There is Hayhenge recreating Stonehenge in bales and Hooch Hay, in fact, called “Bernette Farms Underground,” a hay-bale speakeasy serving bourbon, created by three ad guys from Brooklyn. Gowanus, Carol Gardens and Williamsburg could be their names based on where they live, staking out the borough in all its hipness. Their entry is a bit meta. The name mocks gently(ish) another entrant, a local farmer. (That farmer himself is a former creative director for the financial services industry who’s upped stakes and moved to Bovina).

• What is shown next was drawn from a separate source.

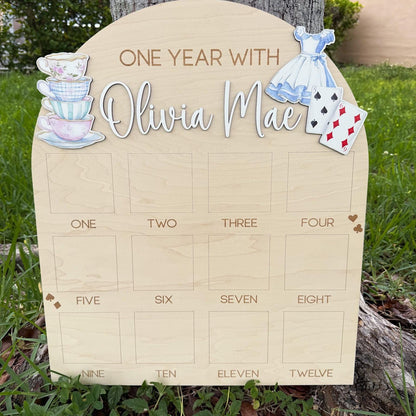Onederland First Year of Photo Board, Wonderland First Birthday Party, Tea Party Birthday Decor, One Year of Sign, Milestone Photo Display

Made from hay-bale walls, the speakeasy has a window (at which you give the password for entry) and is under a blue tarp that works like a blanket fort secured on the far side by a pickup. Inside are pillows and a hay bale as bar. While I am inside the bunker/ blanket fort / speakeasy drinking bourbon (I’ve always been a malt fan myself for anyone looking to bribe me for votes in the future), Gowanus, C.G. and Williamsburg try to come up with a password. This being Memorial Day Weekend they settle on Lincoln’s Secretary of War. For those who don’t know, and I certainly don’t, it’s Stanton.
Meanwhile the real Burnett, Steve Burnett, has made something called “Through The Looking Glass.” It looks like two nearly identical hay caterpillars (one is covered in agricultural fabric) angled up trying to cross through a great wire ring. The installation needs explanation, a bit of didactic text, and drawn on a paper plate is a legend explaining that the bales are two crop rows, representing winter and spring. Encircled in white tissue, the hoop is meant to be a mirror. It’s all supposed to suggest the stark difference between spring and winter. This year the change is particularly noticeable given the week before there was a hard frost, and today it’s 83 and sultry.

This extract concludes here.